Understanding KeyValue embedded datastore vs FileSystem

4.2k Views Asked by At

I have a basic question with regards to FileSystem usage I want to use a embedded KeyValue store, which is very write oriented. (persistent) Say my value size is a) 10 K b) 1 M and read and updates are equal in number

Cant I simply create files containing the value and there name acting as keys.

Wont it as fast as using a KeyValue store as LevelDB or RocksDB.

Can anybody please help me understand .

2

There are 2 best solutions below

4
On BEST ANSWER

In principle, yes, a filesystem can be used as a key-value store. The differences only come in when you look at individual use cases and limitations in the implementations.

Without going into too much details here, there are some things likely to be very different:

  • A filesystem splits data into fixed size blocks. Two files can't typically occupy parts of the same block.

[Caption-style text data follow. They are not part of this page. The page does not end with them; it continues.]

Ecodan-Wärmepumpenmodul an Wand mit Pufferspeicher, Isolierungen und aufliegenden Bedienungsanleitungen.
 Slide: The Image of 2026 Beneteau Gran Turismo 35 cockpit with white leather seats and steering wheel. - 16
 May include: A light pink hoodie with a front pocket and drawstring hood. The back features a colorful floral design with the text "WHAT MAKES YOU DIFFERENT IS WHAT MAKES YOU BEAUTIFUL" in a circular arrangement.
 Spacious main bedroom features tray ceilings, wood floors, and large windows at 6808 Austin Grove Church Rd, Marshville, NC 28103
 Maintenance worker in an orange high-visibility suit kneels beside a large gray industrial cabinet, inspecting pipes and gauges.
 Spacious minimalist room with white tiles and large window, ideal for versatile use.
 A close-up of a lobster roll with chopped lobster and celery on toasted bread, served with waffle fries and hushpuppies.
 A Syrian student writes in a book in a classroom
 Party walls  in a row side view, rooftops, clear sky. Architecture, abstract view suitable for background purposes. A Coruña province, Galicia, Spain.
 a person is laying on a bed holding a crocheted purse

Common block sizes are 4-16 KiB; you can calculate how much overhead your 10 KiB example would cause. Key/value stores tend to account for smaller-sized pieces of data.
  • Directory indexes in filesystems are often not capable of efficiently iterating over the filenames/keys in sort order. You can efficiently look up a specific key, but you can't retrieve ranges without reading pretty much all of the directory entries. Some key/value stores, including LevelDB, support efficient ordered iterating.
  • Some key/value stores, including LevelDB, are transactional. This means you can bundle several updates together, and LevelDB will make sure that either all of these updates make it through, or none of them do. This is very important to prevent your data getting inconsistent. Filesystems make this much harder to implement, especially when multiple files are involved.
  • Key/value stores usually try to keep data contiguous on disk (so data can be retrieved with less seeking), whereas modern filesystems deliberately do not do this across files. This can impact performance rather severely when reading many records. It's not an issue on solid-state disks, though.
  • While some filesystems do offer compression features, they are usually either per-file or per-block. As far as I can see, LevelDB compresses entire chunks of records, potentially yielding better compression (though they biased their compression strategy towards performance over compression efficiency).
0
On

Lets try to build Minimal NoSQL DB server using Linux and modern File System in 2022, just for fun, not for serious environment.

DO NOT TRY THIS IN PRODUCTION —————————————————————————————————————————————

POSIX file Api for read write,

POSIX ACL for native user accounts and group permission management.

POSIX filename as key ((root db folder)/(tablename folder)/(partition folder)/(64bitkey)). Per db and table we can define permission for read/write using POSIX ACL. (64bitkey) is generated in compute function.

Mount BTRFS/OpenZFS/F2fs as filesystem to provide compression (Lz4/zstd) and encryption (fscrypt) as native support. F2fs is more suitable as it implements LSM which many nosql db used in their low level architecture.

Meta data is handled by filesystem so no need to implement it.

Use Linux and/or filesystem to configure page or file or disk block cache according to read write patterns as implemented in business login written in compute function or db procedure.

Use RAID and sshfs for remote replication to create Master/Slave high availability and/or backup

Compute function or db procedure for writing logic could be NodeJS file or Go binary or whatever along with standard http/tcp/ws server module which reads and write contents to DB.